For running individual services directly:

# Start a manager directly
python -m madsci.event_manager

# Start a node directly
python example_modules/liquidhandler.py

# Start with custom settings
EVENT_SERVER_PORT=8001 EVENT_DOCUMENT_DB_URL=mongodb://localhost:27017 \
  python -m madsci.event_manager

Stopping the Lab¶

Graceful Shutdown¶

# Stop all services (preserves data volumes)
madsci stop

# Stop a specific background manager
madsci stop manager event

# Stop a specific background node
madsci stop node <name>

# Stop and remove images
madsci stop --remove

# Stop and remove volumes (data loss — requires confirmation)
madsci stop --volumes

Graceful Shutdown (Docker, Advanced)¶

# Stop all services via docker compose directly
docker compose down

# Stop a specific service
docker compose stop liquidhandler_1

# Stop and remove everything including data volumes (DESTRUCTIVE)
docker compose down -v

Emergency Shutdown¶

If services are unresponsive:

# Force stop all containers
docker compose kill

# Force stop a specific container
docker kill <container_name>

Health Checks¶

Using the CLI¶

# Quick status check of all services
madsci status

# Watch status continuously (updates every 5 seconds)
madsci status --watch

# JSON output for scripting
madsci status --json

# Check specific service health
curl http://localhost:8000/health  # Lab Manager
curl http://localhost:8001/health  # Event Manager
curl http://localhost:8005/health  # Workcell Manager

Service Health Endpoints¶

Every MADSci manager exposes a /health endpoint:

Service	URL	What It Checks
Lab Manager	`http://localhost:8000/health`	Manager connectivity
Event Manager	`http://localhost:8001/health`	FerretDB connection
Experiment Manager	`http://localhost:8002/health`	FerretDB connection
Resource Manager	`http://localhost:8003/health`	PostgreSQL connection
Data Manager	`http://localhost:8004/health`	FerretDB + SeaweedFS connection
Workcell Manager	`http://localhost:8005/health`	FerretDB + Valkey + node connectivity
Location Manager	`http://localhost:8006/health`	FerretDB connection

Node Health¶

# Check a specific node
curl http://localhost:2000/health

# Get node info
curl http://localhost:2000/info

# Get node state
curl http://localhost:2000/state

System Diagnostics¶

# Run comprehensive diagnostics
madsci doctor

# Check specific categories
madsci doctor --check python
madsci doctor --check docker
madsci doctor --check ports

Viewing Logs¶

Using the CLI¶

# View recent logs
madsci logs --tail 50

# Follow logs in real time
madsci logs --follow

# Filter by log level
madsci logs --level ERROR
madsci logs --level WARNING

# Filter by pattern
madsci logs --grep "workflow"
madsci logs --grep "liquidhandler"

# Logs from a specific time period
madsci logs --since 1h
madsci logs --since 30m

Using Docker¶

# All service logs
docker compose logs -f

# Specific service logs
docker compose logs -f workcell_manager

# Last 100 lines
docker compose logs --tail 100 event_manager

# Logs since a timestamp
docker compose logs --since 2026-02-09T10:00:00 workcell_manager

Using the TUI¶

madsci tui

Press l to navigate to the Logs screen. Use the filter controls to narrow down by level or search pattern.

Managing Workflows¶

Check Active Workflows¶

from madsci.client import WorkcellClient

wc = WorkcellClient(workcell_server_url="http://localhost:8005/")

# List active workflows
active = wc.get_active_workflows()
for wf_id, wf in active.items():
    print(f"{wf_id}: step {wf.status.current_step_index}, "
          f"started {wf.submitted_time}")

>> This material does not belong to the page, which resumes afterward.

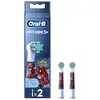 Oral-b Remplacement De La Brosse à Dents électrique Eb10-2 Kids Spider...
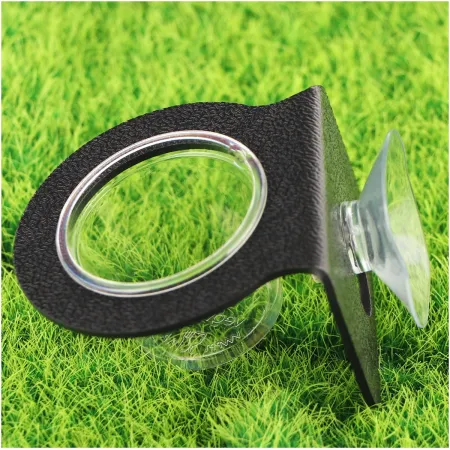 Terrario Gecko Bar Black - miska wisząca-1922701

# Check the workflow queue
queue = wc.get_workflow_queue()
print(f"{len(queue)} workflows queued")

Cancel a Stuck Workflow¶

from madsci.client import WorkcellClient

wc = WorkcellClient(workcell_server_url="http://localhost:8005/")
wc.cancel_workflow("workflow_id_here")

Pause and Resume¶

# Pause a running workflow
wc.pause_workflow("workflow_id_here")

# Resume a paused workflow
wc.resume_workflow("workflow_id_here")

Managing Nodes¶

Check Node Status¶

from madsci.client import WorkcellClient

wc = WorkcellClient(workcell_server_url="http://localhost:8005/")
nodes = wc.get_nodes()
for name, node in nodes.items():
    print(f"{name}: {node.status}")

Restart a Node¶

# Restart via Docker
docker compose restart liquidhandler_1

# Or stop and start
docker compose stop liquidhandler_1
docker compose start liquidhandler_1

Lock/Unlock a Node¶

Locking prevents the workcell from sending actions to a node (useful during maintenance):

# Lock a node
curl -X POST http://localhost:2000/admin/lock

# Unlock a node
curl -X POST http://localhost:2000/admin/unlock

Daily Checklist¶

A recommended daily routine for lab operators:

Morning startup: madsci start -d && madsci status
Verify health: Check all services show HEALTHY
Review overnight logs: madsci logs --since 12h --level WARNING
Check disk space: df -h (especially for data and log volumes)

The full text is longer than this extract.